Взгляд стал стальным. Мастер стиснул кулаки и неподвижно смотрел в окно. Я молчала, не зная, что ответить. Да и что тут скажешь?
— И знаешь что? Мне их возвращать не хотелось. Именно потому, что я любил их, я не позволил этого ужаса. Да, не святые были люди, но найди мне хоть одного с нимбом? – он выудил из кармана сигареты и в порыве стиснул картонный коробок. – Перед смертью отец взял с меня клятву, что я не продолжу их работу. Сказал, на том свете проверит.

Сначала все работало как часы. Хочешь переливание – приходишь и сдаешь жизнь. Свою.
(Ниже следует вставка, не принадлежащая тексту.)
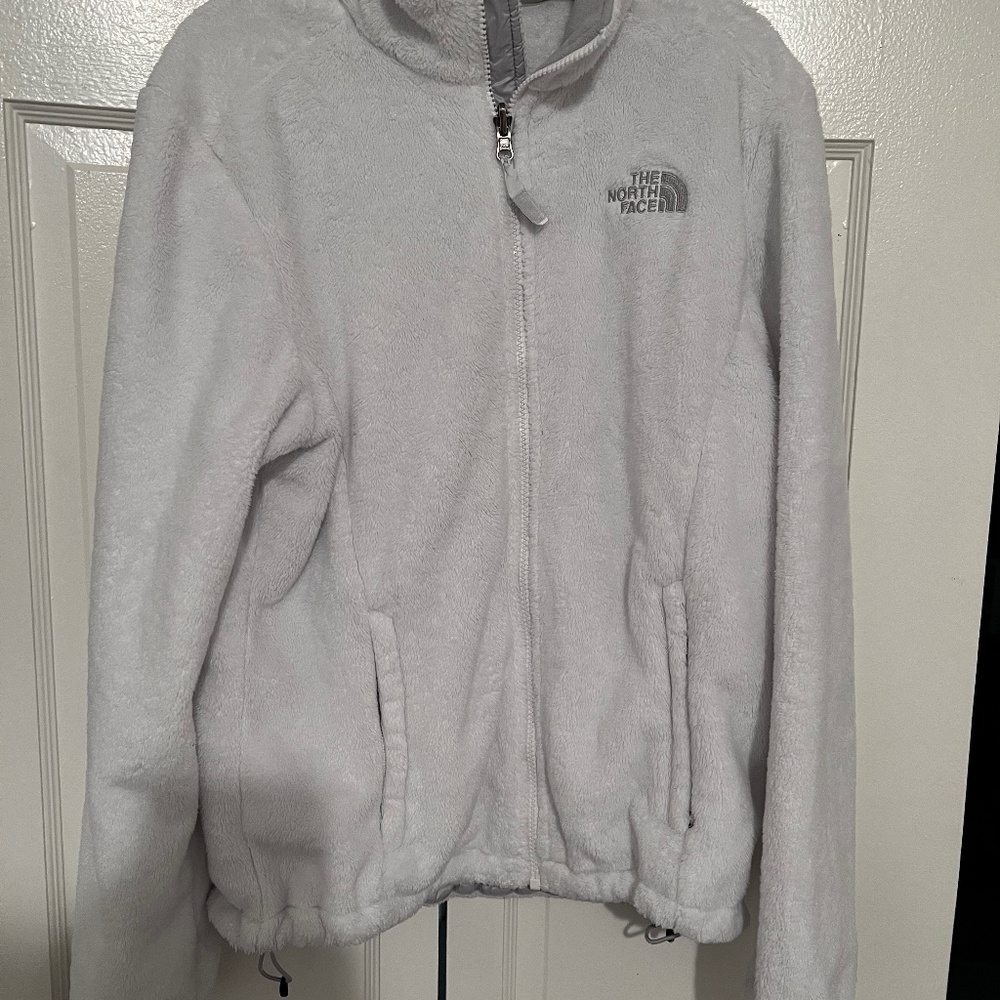 White fluffy North Face jacket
Пять-семь лет, в зависимости от обстоятельств. Забираешь человека, затем хоронишь его через год. Снова. Но везде есть свои дыры. И везде есть свои тени.

Медицина постепенно превратилась в рынок. Особо состоятельные скупали годы у любого желающего, а когда тех становилось недостаточно – начали отбирать силой. Люди стали все чаще пропадать. В основном – дети, ведь у них запаса лет больше всего. Крали повсюду: с улиц, из детдомов, у матерей-должников. С приходом темноты город запирался на семь замков – начиналась охота.
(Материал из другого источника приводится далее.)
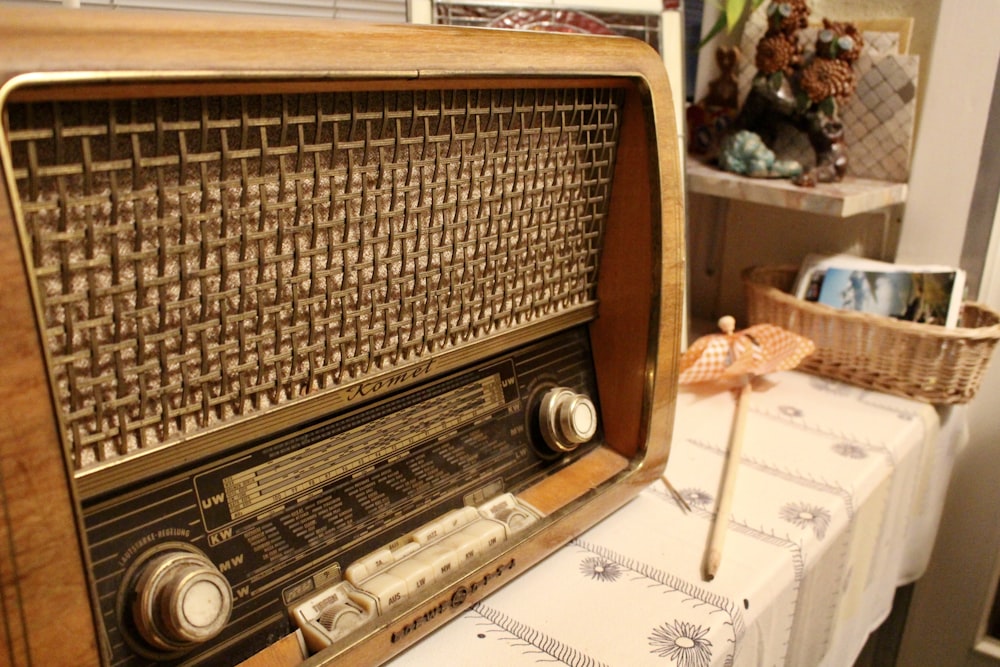 brown and white radio on white paper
— Мне еще не довелось потерять того, ради кого хотелось бы сделать... такое, — я пожала здоровым плечом и выудила сигарету. – Потому решение легче далось. Но вдруг я потом пожалею? Татуировки – это же на всю жизнь!
Мастер не сдержался и улыбнулся на глупый каламбур.
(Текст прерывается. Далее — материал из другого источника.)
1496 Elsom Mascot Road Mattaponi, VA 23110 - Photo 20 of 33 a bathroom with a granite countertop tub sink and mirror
— Кстати, ты знаешь, что первые печати были вовсе не татуировками?
— Ага, слышала, — я кивнула. – Мол, первый, кто придумал запретную печать, вырезал ее на коже. Его назвали психом, начались гонения, и он пропал. Есть слухи, что его даже разок поймали, но ненадолго. Ох и переполошились тогда власти! Ведь закона на запрет Возврата тогда еще не было. Да и сейчас нет. Но это никому не мешает его искать. Возмущаются, что «клеймит товар».

Мастер все же достал сигарету из мятой пачки и кивнул мне.

— Еще я знаю, что были те, кто правда ставил клеймо в виде печати. Или психи, которые в подполье вшивали пластину под кожу или высверливали знаки на зубах. Чтобы точно никто не смог снять и воспользоваться. А его последователей, в том числе и сектантов – не сосчитать. Но и они адекватнее, чем те, кто вытаскивает мертвецов, чтобы хоронить их снова и снова, – я помолчала, переминая сигарету пальцами. Голос все же дрогнул. — Ты был его учеником? Он еще жив?
— Ты прекрасно знаешь. Потому и пришла, — мастер повернулся ко мне и неспешно расстегнул пуговицы рубашки. Глубокие шрамы выглядели старыми, но печать сохранила очертания круга с рунами и письменами.